Quand on avait bien boudé ces deux créatures «à l'esprit détraqué, aux nerfs perdus par la morphine», quand on s'était bien juré de les laisser indéfiniment barboter dans leur «bohème,» quand on leur avait bien dit leurs vérités, sans qu'elles pussent les entendre, fort heureusement, il survenait une occasion où l'on avait besoin d'Herma, qui, sans parler de son charme et de son esprit, jouait le Chopin comme personne, et surtout le jouait pour rien. Tantôt il fallait à tout prix rompre la glace d'une soirée d'entrevue. Tantôt il fallait flatter les préférences avérées d'une Altesse de passage à Paris. Ou bien il fallait corser les attractions d'un concert de charité. On voyait alors Herma reparaître dans toute sa gloire, avec sa mère et son mélancolique sourire de blasée avant la lettre, également inséparables de sa personne. Tous les salons des douairières, y compris les douairières elles-mêmes, retombaient à ses pieds, et sa faveur était plus grande que jamais, jusqu'à ce qu'elle commît une nouvelle frasque. Mais qu'on la mît en pénitence ou sur un piédestal, elle ne semblait pas s'en apercevoir, et cette suprême impertinence était son crime le plus impardonné.

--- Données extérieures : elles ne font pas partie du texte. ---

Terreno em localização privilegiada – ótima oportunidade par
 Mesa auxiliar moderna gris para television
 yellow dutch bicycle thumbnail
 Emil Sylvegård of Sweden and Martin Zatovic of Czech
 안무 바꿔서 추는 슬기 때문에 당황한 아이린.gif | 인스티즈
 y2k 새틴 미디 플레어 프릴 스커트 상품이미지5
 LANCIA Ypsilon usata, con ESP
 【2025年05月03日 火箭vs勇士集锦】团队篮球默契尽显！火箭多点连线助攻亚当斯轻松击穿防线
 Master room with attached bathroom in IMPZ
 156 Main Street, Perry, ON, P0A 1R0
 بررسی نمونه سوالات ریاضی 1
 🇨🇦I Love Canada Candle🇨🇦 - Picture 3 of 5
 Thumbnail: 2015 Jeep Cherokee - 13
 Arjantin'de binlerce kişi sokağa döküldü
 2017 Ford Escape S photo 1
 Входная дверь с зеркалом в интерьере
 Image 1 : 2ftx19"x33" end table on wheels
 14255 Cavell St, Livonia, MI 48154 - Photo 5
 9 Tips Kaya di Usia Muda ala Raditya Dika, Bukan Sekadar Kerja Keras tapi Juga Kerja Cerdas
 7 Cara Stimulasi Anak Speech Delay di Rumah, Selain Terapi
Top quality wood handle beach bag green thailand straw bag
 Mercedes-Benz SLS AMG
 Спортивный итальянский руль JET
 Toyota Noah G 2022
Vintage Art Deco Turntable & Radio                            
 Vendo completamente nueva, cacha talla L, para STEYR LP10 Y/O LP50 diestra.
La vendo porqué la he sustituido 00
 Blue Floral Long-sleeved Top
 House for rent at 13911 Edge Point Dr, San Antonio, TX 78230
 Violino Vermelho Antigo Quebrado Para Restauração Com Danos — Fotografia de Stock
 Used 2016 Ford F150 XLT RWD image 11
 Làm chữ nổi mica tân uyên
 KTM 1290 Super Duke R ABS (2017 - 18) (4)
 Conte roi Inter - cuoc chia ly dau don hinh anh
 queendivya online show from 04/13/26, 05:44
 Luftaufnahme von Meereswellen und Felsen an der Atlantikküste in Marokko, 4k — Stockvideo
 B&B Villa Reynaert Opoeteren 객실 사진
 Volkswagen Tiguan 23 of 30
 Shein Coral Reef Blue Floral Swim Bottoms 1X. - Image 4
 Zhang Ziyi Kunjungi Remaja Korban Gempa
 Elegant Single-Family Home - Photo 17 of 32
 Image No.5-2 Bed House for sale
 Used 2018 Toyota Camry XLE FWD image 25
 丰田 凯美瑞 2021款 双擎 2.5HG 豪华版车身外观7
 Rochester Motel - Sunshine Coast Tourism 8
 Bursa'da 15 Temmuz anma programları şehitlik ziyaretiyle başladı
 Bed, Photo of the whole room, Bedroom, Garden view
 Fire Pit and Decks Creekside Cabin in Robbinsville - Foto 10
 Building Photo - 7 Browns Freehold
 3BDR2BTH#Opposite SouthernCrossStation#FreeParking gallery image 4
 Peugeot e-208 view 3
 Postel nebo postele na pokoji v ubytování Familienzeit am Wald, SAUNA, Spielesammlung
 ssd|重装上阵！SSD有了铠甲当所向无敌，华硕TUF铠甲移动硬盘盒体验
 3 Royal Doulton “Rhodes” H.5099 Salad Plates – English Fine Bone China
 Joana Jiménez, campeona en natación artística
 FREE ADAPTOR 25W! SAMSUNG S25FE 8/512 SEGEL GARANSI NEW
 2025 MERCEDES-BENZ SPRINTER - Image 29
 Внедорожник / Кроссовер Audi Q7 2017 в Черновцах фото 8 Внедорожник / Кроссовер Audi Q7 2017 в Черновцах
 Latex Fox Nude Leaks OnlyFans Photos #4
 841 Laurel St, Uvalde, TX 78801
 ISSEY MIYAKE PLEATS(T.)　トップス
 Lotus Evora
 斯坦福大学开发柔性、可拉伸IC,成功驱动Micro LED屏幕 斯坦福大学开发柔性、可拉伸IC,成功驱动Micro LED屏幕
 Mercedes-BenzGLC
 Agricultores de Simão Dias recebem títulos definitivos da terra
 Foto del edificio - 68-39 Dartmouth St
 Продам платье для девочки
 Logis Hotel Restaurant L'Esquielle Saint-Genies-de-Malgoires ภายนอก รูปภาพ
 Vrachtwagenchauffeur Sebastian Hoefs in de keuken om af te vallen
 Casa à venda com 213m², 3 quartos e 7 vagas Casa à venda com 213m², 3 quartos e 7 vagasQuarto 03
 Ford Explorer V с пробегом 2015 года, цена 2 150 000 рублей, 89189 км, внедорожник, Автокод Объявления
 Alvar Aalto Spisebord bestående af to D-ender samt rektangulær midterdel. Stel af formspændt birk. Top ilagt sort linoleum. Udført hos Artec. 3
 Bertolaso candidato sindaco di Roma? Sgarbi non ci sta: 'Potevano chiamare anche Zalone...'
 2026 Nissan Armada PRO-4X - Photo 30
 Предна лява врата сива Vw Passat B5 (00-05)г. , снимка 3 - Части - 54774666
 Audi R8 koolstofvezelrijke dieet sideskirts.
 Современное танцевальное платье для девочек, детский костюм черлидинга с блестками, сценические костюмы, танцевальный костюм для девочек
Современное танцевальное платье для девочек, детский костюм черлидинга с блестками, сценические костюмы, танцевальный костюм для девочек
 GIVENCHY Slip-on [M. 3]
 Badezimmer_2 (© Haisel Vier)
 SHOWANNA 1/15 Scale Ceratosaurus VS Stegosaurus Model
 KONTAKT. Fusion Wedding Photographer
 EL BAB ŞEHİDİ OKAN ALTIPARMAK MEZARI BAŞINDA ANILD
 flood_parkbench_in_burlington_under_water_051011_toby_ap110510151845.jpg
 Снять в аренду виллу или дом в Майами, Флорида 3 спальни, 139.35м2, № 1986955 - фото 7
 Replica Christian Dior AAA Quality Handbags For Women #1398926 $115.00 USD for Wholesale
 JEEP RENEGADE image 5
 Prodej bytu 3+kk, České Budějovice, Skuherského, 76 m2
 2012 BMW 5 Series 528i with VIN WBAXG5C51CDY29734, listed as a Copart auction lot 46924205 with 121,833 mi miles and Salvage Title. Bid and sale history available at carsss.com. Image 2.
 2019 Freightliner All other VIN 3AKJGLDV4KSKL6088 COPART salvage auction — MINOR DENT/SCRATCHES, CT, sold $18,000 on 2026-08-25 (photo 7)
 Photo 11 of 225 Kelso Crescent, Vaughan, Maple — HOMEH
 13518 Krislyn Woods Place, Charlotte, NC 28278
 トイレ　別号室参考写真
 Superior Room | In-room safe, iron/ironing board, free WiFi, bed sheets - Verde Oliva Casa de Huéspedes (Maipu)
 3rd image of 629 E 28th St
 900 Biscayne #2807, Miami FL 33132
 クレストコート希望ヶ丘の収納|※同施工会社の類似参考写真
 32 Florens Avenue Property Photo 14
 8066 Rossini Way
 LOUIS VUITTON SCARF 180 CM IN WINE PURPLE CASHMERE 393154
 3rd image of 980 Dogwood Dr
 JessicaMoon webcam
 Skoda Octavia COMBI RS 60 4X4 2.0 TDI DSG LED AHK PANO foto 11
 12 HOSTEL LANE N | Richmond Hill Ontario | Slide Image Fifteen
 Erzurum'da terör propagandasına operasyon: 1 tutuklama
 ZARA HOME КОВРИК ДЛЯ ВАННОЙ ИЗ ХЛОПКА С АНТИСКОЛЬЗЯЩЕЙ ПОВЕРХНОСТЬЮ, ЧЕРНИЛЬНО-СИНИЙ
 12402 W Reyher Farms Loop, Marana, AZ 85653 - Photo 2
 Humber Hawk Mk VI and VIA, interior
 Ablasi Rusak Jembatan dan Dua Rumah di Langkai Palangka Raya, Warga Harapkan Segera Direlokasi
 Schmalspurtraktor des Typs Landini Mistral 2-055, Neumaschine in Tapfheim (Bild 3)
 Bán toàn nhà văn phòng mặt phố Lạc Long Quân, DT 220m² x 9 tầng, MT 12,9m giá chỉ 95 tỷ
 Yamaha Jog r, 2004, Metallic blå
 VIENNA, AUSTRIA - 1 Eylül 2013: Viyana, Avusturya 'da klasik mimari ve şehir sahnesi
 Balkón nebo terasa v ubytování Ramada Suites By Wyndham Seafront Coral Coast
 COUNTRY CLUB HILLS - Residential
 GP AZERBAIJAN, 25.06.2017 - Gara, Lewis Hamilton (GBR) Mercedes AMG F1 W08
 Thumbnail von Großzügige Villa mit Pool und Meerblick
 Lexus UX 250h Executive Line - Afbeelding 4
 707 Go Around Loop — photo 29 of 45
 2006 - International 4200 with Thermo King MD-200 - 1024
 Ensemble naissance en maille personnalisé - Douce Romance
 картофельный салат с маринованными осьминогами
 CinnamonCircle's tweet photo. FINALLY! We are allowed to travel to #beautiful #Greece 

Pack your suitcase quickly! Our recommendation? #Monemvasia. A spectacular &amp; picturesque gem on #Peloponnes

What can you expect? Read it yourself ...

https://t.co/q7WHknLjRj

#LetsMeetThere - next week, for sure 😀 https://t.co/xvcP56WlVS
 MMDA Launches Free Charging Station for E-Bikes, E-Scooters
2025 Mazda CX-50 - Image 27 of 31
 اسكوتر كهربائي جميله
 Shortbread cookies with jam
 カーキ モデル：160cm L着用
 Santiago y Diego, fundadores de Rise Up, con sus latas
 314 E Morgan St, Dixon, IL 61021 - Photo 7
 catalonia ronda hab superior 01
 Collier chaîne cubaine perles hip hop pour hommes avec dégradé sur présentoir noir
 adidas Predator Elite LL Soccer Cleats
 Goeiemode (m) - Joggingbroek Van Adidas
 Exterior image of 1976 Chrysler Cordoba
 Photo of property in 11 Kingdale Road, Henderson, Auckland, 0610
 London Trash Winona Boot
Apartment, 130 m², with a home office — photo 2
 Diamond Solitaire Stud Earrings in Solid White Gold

Comme pour répondre à l'accusation souvent portée contre elle de chercher toujours ses nouveaux amis hors du monde, la marquise de Boisboucher sembla ravie de retrouver Sénac et ne parut ni trop fâchée ni particulièrement contente de le retrouver pourvu d'une femme. Elle avait une manière très douce, presque petite fille de l'appeler «mon cousin» (bien qu'il ne le fût plus guère) qui la montrait sous un jour nouveau. Elle demandait volontiers ses avis, et, chose plus extraordinaire, les suivait quelquefois, bien qu'elle se moquât sans beaucoup de gêne de l'opinion de cousines plus âgées et surtout plus proches. L'hôtel Quilliane—comme on continuait à le nommer—la voyait souvent, même sans sa mère, exception des plus rares. Là elle se mettait à l'aise, devenait simple, sensée, grande dame, plus charmante que jamais, aussi peu coquette qu'une Polonaise peut l'être. Elle entretenait rarement Albert cinq minutes hors de la présence de sa femme et, pour lui rendre justice, elle ne donnait pas même lieu de supposer qu'elle éprouvât le moindre ennui de la présence de Thérèse. Elle avait plutôt l'air de l'ignorer, un peu trop même, au gré de celle-ci. Elle entrait chez eux comme dans un moulin, que la porte fût fermée ou non. Elle disait, en manière d'excuse:
—Me voici encore. Je vous agace peut-être, mais un ménage comme le vôtre est une bénédiction pour une femme comme moi. Songez, mon cousin, que vous êtes le seul homme de Paris auquel je puisse parler dix minutes sans qu'on crie que je vais lui tourner la tête.
—Oui-da! répondait Albert en riant. Suis-je donc déjà si vieux? Ou bien la nature m'a-t-elle fait aveugle de naissance?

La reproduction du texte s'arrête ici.